On the 15th of March, the plummeting shares of Credit Suisse (CS) prompted the Swiss authorities to intervene with a backstop for the nation's second-largest financial institution. This action managed to alleviate the market's immediate concerns, however, the global entity is still facing a precarious situation. Unease among investors and customers is mounting due to the perceived lack of a viable strategy to counteract the long-standing decline of its business.

On the 16th of March, there was an alarming situation at First Republic Bank wherein customers were withdrawing their deposits, leading the bank to near the brink of collapse. In response, an exclusive meeting was held in Washington between the esteemed US Treasury Secretary Janet Yellen and Jamie Dimon, chief executive officer of the largest bank in America. The duo formulated a strategic plan to rescue the First Republic Bank through private sector intervention. Consequently, a consortium of American lenders entered into an agreement to inject substantial sums of cash into the ailing financial institution, thereby averting a financial disaster.

Thus far, direct central bank support has reached an impressive sum of nearly $200 billion. The US Federal Reserve has undertaken the task of guaranteeing all deposits at Silicon Valley Bank and Signature Bank, thereby incurring a liability of $140 billion. Additionally, the Swiss National Bank has offered Credit Suisse a whopping $54 billion in the form of an emergency loan.

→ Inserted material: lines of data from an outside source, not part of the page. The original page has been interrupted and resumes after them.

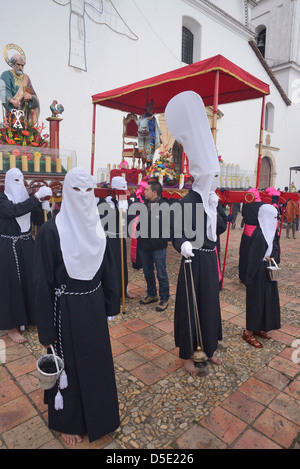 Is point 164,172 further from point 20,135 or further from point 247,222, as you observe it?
point 20,135

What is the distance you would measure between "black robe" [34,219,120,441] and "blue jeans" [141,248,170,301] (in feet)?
7.64

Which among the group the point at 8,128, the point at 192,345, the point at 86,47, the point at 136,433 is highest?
the point at 86,47

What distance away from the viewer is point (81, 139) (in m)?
11.2

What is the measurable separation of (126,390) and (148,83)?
6.25 metres

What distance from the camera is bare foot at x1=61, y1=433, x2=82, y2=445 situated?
222 cm

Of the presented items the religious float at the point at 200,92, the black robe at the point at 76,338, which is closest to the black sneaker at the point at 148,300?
the religious float at the point at 200,92

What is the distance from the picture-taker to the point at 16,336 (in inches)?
144

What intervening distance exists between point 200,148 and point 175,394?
7.55ft

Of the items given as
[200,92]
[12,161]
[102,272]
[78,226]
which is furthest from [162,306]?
[200,92]

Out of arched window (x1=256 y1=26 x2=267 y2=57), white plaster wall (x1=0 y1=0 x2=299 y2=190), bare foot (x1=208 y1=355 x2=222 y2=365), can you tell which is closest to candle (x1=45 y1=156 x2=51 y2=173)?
bare foot (x1=208 y1=355 x2=222 y2=365)

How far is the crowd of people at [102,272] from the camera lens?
81.4 inches

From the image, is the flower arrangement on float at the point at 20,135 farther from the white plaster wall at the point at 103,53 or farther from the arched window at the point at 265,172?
the arched window at the point at 265,172

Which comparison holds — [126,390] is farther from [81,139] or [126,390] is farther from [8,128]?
[81,139]

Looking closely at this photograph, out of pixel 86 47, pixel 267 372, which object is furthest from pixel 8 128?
pixel 86 47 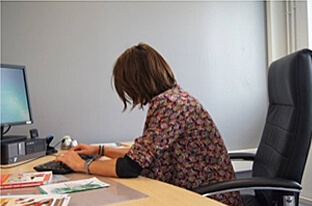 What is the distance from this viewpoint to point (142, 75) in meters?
1.44

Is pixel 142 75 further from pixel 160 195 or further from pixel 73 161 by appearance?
pixel 160 195

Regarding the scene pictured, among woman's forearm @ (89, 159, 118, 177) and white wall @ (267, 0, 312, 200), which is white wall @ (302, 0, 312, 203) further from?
woman's forearm @ (89, 159, 118, 177)

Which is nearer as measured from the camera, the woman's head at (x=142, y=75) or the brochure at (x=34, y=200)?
the brochure at (x=34, y=200)

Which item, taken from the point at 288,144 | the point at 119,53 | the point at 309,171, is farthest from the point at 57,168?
the point at 309,171

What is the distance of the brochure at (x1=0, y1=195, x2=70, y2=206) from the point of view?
955 mm

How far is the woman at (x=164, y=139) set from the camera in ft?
4.16

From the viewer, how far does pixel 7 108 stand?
1804 mm

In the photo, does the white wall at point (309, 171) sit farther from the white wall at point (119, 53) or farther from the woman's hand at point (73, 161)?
the woman's hand at point (73, 161)

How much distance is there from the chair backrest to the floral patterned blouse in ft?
0.68

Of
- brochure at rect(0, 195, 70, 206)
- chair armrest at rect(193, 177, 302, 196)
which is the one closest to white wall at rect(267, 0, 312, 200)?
chair armrest at rect(193, 177, 302, 196)

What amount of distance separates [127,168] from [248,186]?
45 cm

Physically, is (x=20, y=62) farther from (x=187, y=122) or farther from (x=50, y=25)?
(x=187, y=122)

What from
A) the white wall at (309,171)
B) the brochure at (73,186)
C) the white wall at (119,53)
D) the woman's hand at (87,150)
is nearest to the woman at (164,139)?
the brochure at (73,186)

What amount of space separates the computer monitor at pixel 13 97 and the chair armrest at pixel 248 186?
1.10m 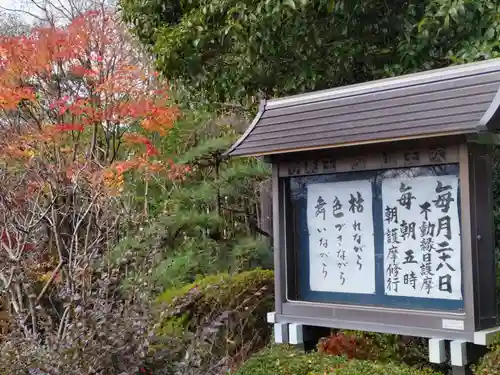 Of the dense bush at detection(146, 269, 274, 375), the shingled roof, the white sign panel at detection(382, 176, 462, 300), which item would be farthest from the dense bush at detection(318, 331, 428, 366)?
the shingled roof

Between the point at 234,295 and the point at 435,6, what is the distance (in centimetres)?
389

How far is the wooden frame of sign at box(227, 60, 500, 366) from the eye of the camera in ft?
15.3

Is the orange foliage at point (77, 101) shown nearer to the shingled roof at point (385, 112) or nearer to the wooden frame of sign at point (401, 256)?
the shingled roof at point (385, 112)

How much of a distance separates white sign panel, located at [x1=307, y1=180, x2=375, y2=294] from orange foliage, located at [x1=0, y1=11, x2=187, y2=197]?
12.4 ft

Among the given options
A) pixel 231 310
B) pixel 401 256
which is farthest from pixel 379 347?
pixel 231 310

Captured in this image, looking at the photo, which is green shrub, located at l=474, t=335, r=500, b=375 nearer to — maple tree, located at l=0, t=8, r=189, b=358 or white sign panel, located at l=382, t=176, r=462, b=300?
white sign panel, located at l=382, t=176, r=462, b=300

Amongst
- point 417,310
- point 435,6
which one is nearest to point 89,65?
point 435,6

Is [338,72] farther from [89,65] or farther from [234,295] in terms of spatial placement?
[89,65]

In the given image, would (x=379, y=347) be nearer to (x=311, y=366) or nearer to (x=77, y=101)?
(x=311, y=366)

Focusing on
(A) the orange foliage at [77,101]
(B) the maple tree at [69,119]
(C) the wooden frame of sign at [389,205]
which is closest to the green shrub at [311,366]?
(C) the wooden frame of sign at [389,205]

In a bid to further alleviate the economic impact of the ongoing pandemic, the Fed has agreed to extend unprecedented amounts of loans to other banks this week. In recent days, banks have borrowed nearly $153 billion from the Fed, far surpassing the previous record of $112 billion set during the 2008 financial crisis.

Further, banks have availed themselves of nearly $12 billion in loans from the Fed's new emergency lending program, established at the beginning of the week with the specific goal of halting further bank closures.

The Fed's total loans to the financial system, which amount to $318 billion

Bank Failures Comparison

With over $300 Billion printed by the FED in the last week, inflation is likely to continue. It is expected that interest rates will rise.

The next Federal Reserve meeting is scheduled to begin on March 21, 2023, and will end with a policy statement on March 22, 2023 at 2 pm Eastern. According to market pricing and many analysts, the Federal Reserve is expected to approve a quarter-percentage-point interest rate increase during this meeting.

Bitcoin hits 9 Month High at $27K and according to Twitter it's the end of Crypto Winter.

Historically Bitcoin performs well when the FED is printing money. We may finally see a decoupling from the stock market as Bitcoin is used to hedge against inflation. Any more bank fails will accelerate Bitcoin adoption. Who wants to keep there money in the bank when they are at risk of losing it all?

This may be the start of a new Bull Run for Bitcoin. Time will tell.